Lt. Gen. John Brennan, AFRICOM’s deputy commander, described the contingent as limited in size. “There are some American boots on the ground, but their numbers are not significant, [a] lot of assessment (is) going on. So we have a small team that the Nigerians invited in, and we're working with them to assess their needs, and to create opportunities that we can both capitalize on together,” he said, adding that the United States is providing intelligence support and airborne ISR to improve the precision of Nigerian operations. “We are continuing to provide them (the Nigerians) intelligence support, airborne ISR, (intelligence, surveillance and reconnaissance), things that will make them more accurate,” Brennan said, noting reported local successes in Sokoto tied to post-strike activity.
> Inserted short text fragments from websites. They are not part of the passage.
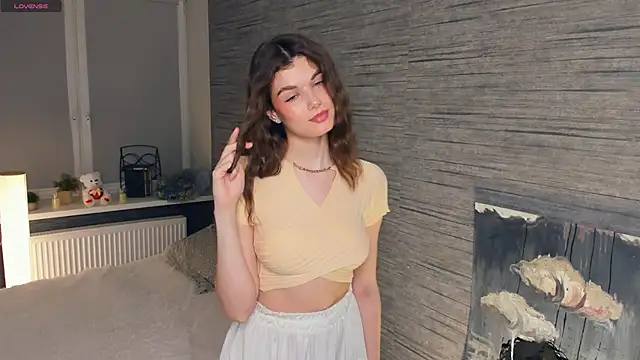 FloraDobb online show from March 7, 2025, 9:06 pm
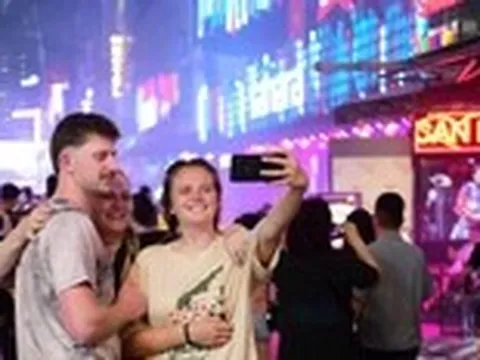 Muốn kiếm bộn tiền từ kinh tế đêm, TP.HCM cần bán gì cho khách sau 18h?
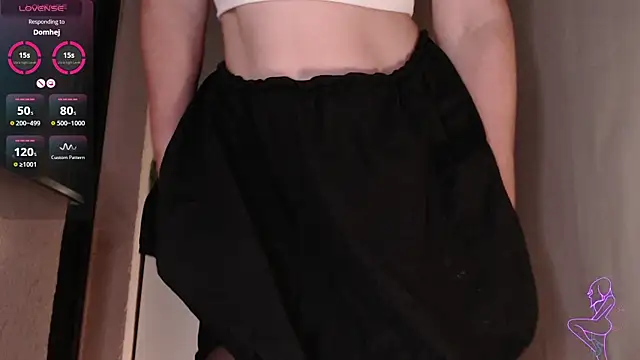 Zeeeme's Live XXX Chat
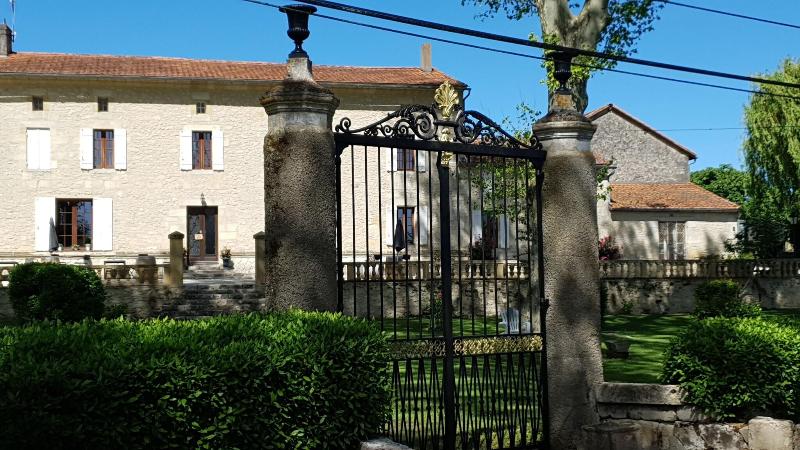 پانسیون Chateau Puygrenier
U.S. officials also signaled increased materiel flows to Abuja. “Some military equipment is being shipped in from the U.S. ... it's nothing out of the ordinary. It's things they (the Nigerians) had already purchased, as far as ammunition, things that make to help them be more accurate in their operations against ISIS, West Africa Province and Boko Haram,” Brennan said. An unverified social media post circulating images of sealed consignments claimed American missile strikes and listed specific aircraft, but AFRICOM and Nigerian authorities have not publicly corroborated those exact inventories.

Nigeria framed the cooperation as necessary and respectful of national sovereignty. “Nigeria’s primary and unwavering stance is that terrorism, in all its forms, is a global scourge that requires a collective, yet sovereignly respectful, response,” Rabiu Ibrahim, a special assistant to Nigeria’s minister of information and national orientation, said. He added that actions which degrade terrorist capabilities are tactical components of a broader strategy.

Key operational and legal questions remain unanswered. AFRICOM has not disclosed the team’s arrival date, exact personnel numbers, base locations or the legal status governing their presence. Independent verification of the December strikes’ impact is limited; journalists and monitors have not confirmed militant casualty figures. There is also an unresolved discrepancy in local reports over place names spelled as Sokoto and Suko in post-strike accounts.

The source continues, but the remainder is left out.